Prof. Wagner Osti – Diante de muitas definições teóricas, optamos pelo entendimento de que o planejamento estratégico para advogados é o caminho escolhido para posicionar o jurídico interno ou o escritório de advocacia de forma competitiva no mercado de trabalho, garantindo sua continuidade a longo prazo.

Definir uma estratégia na advocacia é importante porque ela funcionará como um guia. Ela mostra a posição atual e permite traçar a melhor trajetória para se che­gar a uma outra determinada posição. Através da estratégia, pode-se saber aonde queremos chegar e qual o caminho para alcançar esse lugar tão almejado. O planejamento estratégico, independentemente da área do conheci­mento, é uma atividade que nos auxilia na antecipação de problemas, de ma­neira que as ações sejam implementadas para atingir os objetivos previamente traçados, alinhados e comunicados a todos que trabalham ao nosso redor.
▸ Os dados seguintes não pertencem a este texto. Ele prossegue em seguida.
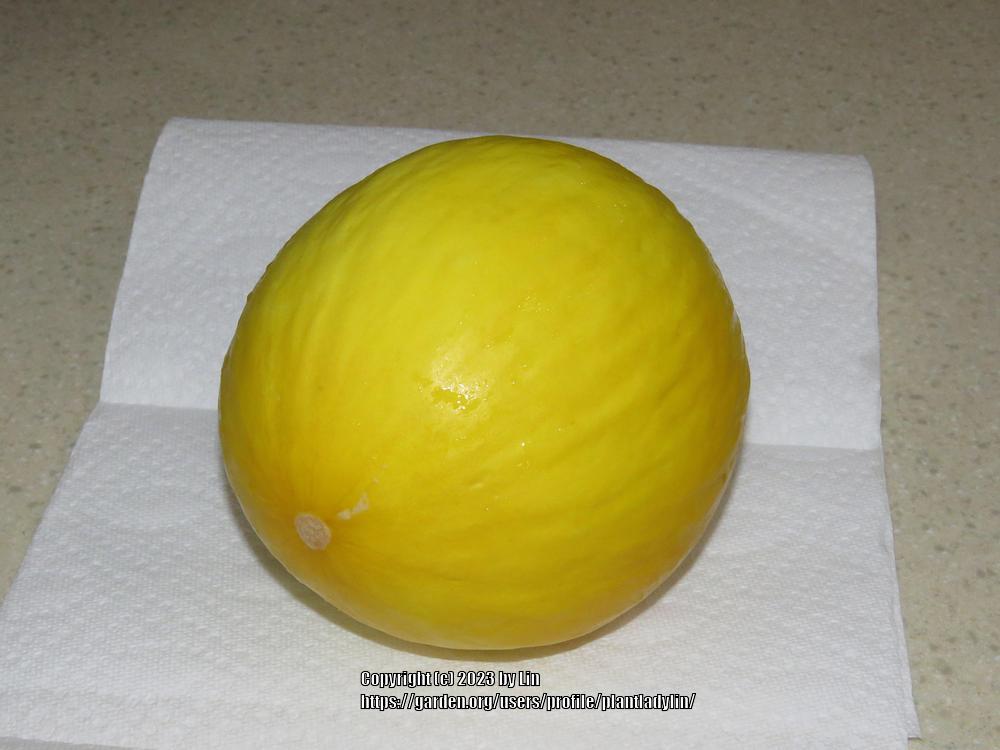 Photo of Honeydew Melon (Cucumis melo var. inodorus) uploaded by plantladylin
In­felizmente, percebemos que, na prática, isso ainda é visto (pelos desavisados) como uma tarefa enfadonha, complexa, sem razão de ser, além de custosa.

Por tudo que foi até aqui exposto, concluímos que os advogados que se capacitarem a pensar estrategicamente terão uma enorme vantagem competi­tiva em médio e longo prazo. Percebemos que, com a inclusão de um planeja­mento estratégico na rotina da sua banca de advogados ou no jurídico interno de empresas, todos (pessoas físicas e jurídicas) ganharão em sustentabilidade, longevidade, lucratividade e qualidade técnica.